La Francia boccia le bocciature? Polemiche antiche e nuove opportunità

Il dibattito in corso in Francia sull’opportunità di abbandonare il tradizionale modello valutativo centrato su conoscenze misurate con prove rigide, a scadenze fisse, fin già dalla scuola primaria, ricorda in parte le discussioni svoltesi in Italia negli anni settanta dello scorso secolo quando i voti furono sostituiti dalle schede di valutazione personalizzate (legge n. 517/1977).

Una parte dei docenti, soprattutto di scuola media, guardò con diffidenza alla novità, considerandola un invito ad abbassare gli standard di prestazione minimi da richiedere agli studenti, un’altra parte si mise con entusiasmo alla guida del movimento innovatore svolgendo una funzione trainante all’interno delle scuole di appartenenza.

Poi in Italia la pratica della valutazione per schede degradò lentamente in una routine burocratica che finì per produrre giudizi sempre più ambigui e diplomatizzati, incomprensibili per gran parte delle famiglie.    

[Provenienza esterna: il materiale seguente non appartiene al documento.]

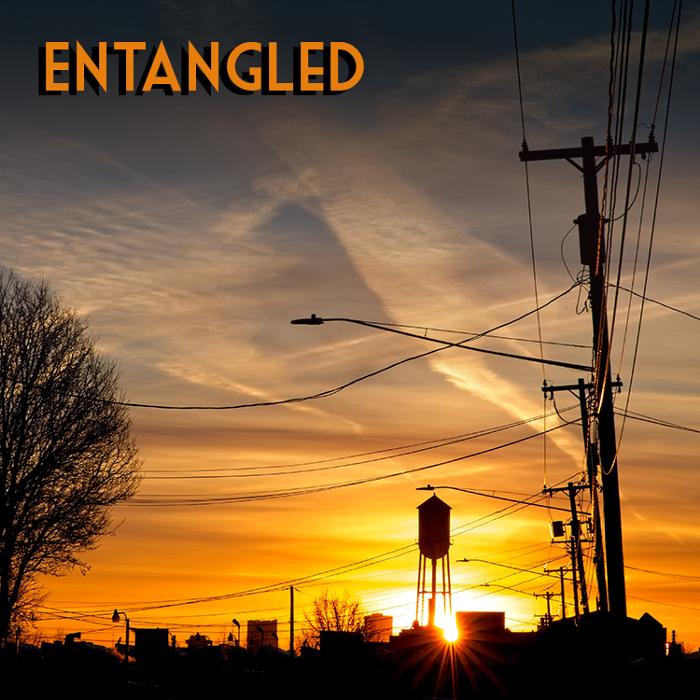 Cover art for Entangled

Di qui la richiesta, cavalcata dal centro-destra nel 2008, di tornare ai voti – più ‘comunicativi’ e trasparenti – che però non è stata accompagnata in Italia dalla definizione di standard rigidi (a differenza, per esempio, di quanto fece la Thatcher con il National Curriculum), con la conseguente compresenza di una logica quantitativa orientata alla selezione, come è quella dei voti voluti dalla Gelmini, con una orientativa e tendenzialmente non selettiva come quella che ispira le ‘Indicazioni nazionali’ nelle sue varie configurazioni, da  Bertagna (2003) in avanti.

Di questa contraddizione sembra consapevole l’ex sottosegretario Marco Rossi Doria, che in un articolo pubblicato da ‘La Stampa’ si è chiesto se “non sarebbe meglio strutturare il sistema di conoscenze e competenze richieste per livelli, raggiungibili a scuola o anche dopo la fine della scuola senza dover per forza bocciare”.

Questo vorrebbe dire passare dalla logica degli standard uguali per tutti a quella della certificazione delle competenze individuali effettivamente possedute. Il dibattito in corso in Francia mette in luce la necessità di una scelta chiara tra queste due alternative. Sarebbe bene che anche in Italia maturasse una analoga consapevolezza.